4

Is there an easy way to create a pipe that only lasts for a given amount of wall time?

I want to be able to take a "snapshot" of what's being written STDOUT for a period of time (rather than bytes or lines). Something like

tail -f /var/log/whatever.log | pipe_for_seconds 10 > ./10_second_sample_of_log

I'm using BASH, but if this is dramatically easier in some other shell, I'd like to hear about it.

6

Gnu coreutils since version 7.0 has a timeout command:

timeout 10 tail -f /var/log/whatever.log 

If you really need a pipe to timeout for some slightly different procedure, then pipe into timeout:

tail -f /var/log/whatever.log | timeout 10 cat > ./10_second_sample_of_log

Note though that killing some arbitrary part of a pipeline may cause problems due to buffering, depending on signals and program behaviour (this question covers related issues: Turn off buffering in pipe ). It will usually change the exit code of the process too.

If you don't have (a recent) coreutils, this simple timeout program also works well http://www.unixlabplus.com/unix-prog/timeout/timeout.html or the perl approach:

tail -f /var/log/whatever.log | perl -n -e 'BEGIN{alarm 10; $|=1}; print;'

(Note the $|=1 turns off output buffering, this is to prevent loss of output in the pipeline, as referred to above.)
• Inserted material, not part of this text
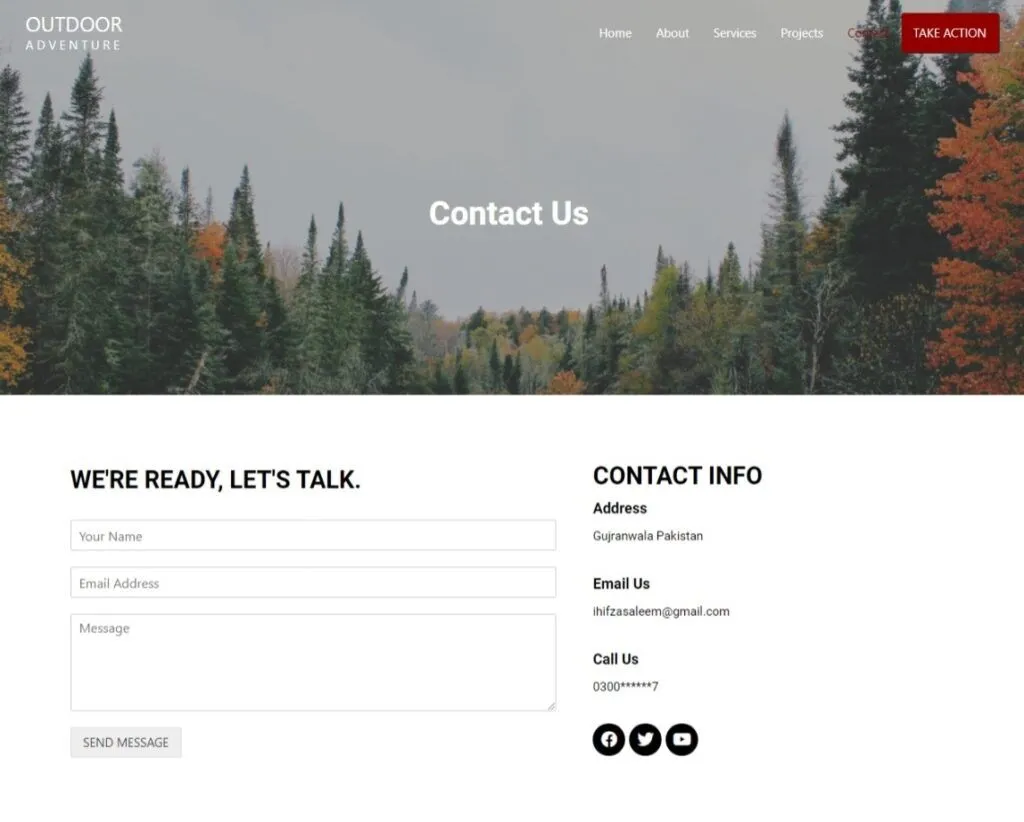 Outdoor Adventure travel agency website portfolio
The (slightly ancient) Netpipes package also has a timelimit command (which you can still find on some Linux systems).

This similar question has a few more options: How to introduce timeout for shell scripting?

4

This should work:

tail -f /var/log/whatever.log > ten_second_sample & sleep 10 && kill $!

Launch tail in background and in parallel sleep 10 seconds and after that kill $! which is the PID of the last launched background process.

0

Relying on killing PID may not be reliable if tail -f exits too soon (e.g. file does not exist). Another more generic solution, that will also stop the "kill timer" if it is done before the timeout is to use wait and kill %% (%% indicates the most recent job started by bash - using &).

The construction will look like this (in which sleep 2 is any custom command with parameters etc and the timeout is set to 10 seconds):

# Your command that may take some (or not) time to execute:
sleep 2 &
# Set a timer that kills the last started job
sleep 10 & wait -n 1; kill %%; wait -n 1

This construction will wait until either the timeout is reached, or the custom command is done executing (in this case the sleep 2 will always stop first). Then, respectively the command or timeout will be killed with kill %%. Then, the last wait -n 1 blocks further execution until the command or timeout is actually killed (this is optional but likely desired).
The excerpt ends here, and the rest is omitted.